1. Not a ritual or ceremonial change. Outward washing cannot confer inward grace. The spirit birth is necessary for admission into the spiritual kingdom.

2. Not morality. Good citizenship, honesty, integrity, natural affection, may elevate and bless this human life; but more is necessary to qualify for saintly and Divine fellowship in the upper world.

3. Not self-culture.

4. Regeneration is coming into the Divine realm, into the spiritual kingdom, into right relations with God and heaven, through Jesus Christ. It is a new life, above the senses, above the earthly, above the material. It is the faith faculty. No more aliens, but children.


1. The direct witness of the Holy Ghost.

2. The conjoint testimony of our own spirit. My consciousness affirms the fact.

3. The predominance of grace. The new government is supreme. The renewed soul stands ready for orders.

4. There will be difficulty in sinning. The new nature shrinks from sin as a tender and sensitive plant shrinks ,from the north wind's blast.

5. There will be affinity for God. Fellowship with Father and Son.

6. There will be Christian joy and comfort. The rapture of a soul rescued from sin and hell, and adopted into God's family.

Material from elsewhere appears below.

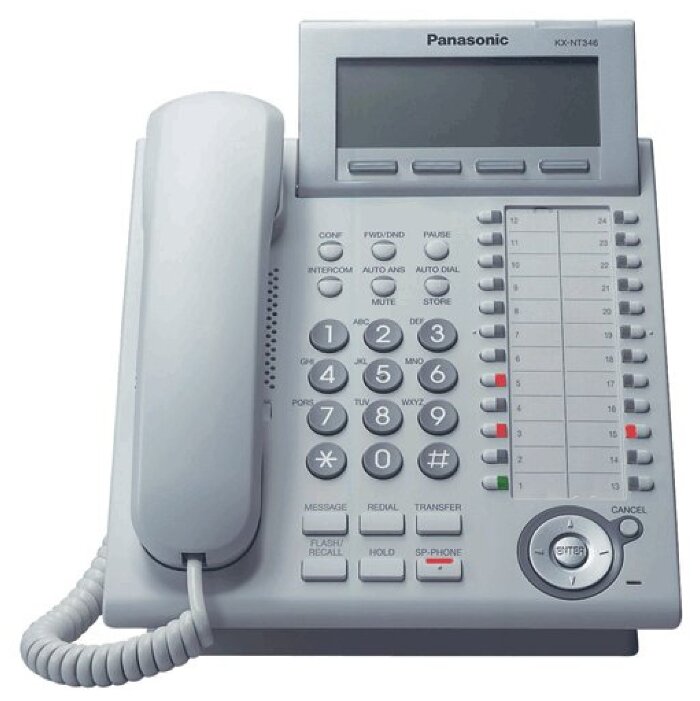 VoIP-телефон Panasonic KX-NT346 белый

III. THE NECESSITY OF REGENERATION. Spiritual life is an essential condition for the spiritual kingdom. Without it you can have no vital union with God, and no knowledge of the spiritual life. What would you do in heaven with an unregenerated nature? A stranger in a strange land; a beggar amid bounty; blind amid beauty; deaf amid waves of song; hungry, yet with no taste for heavenly joys — you would be out of place there.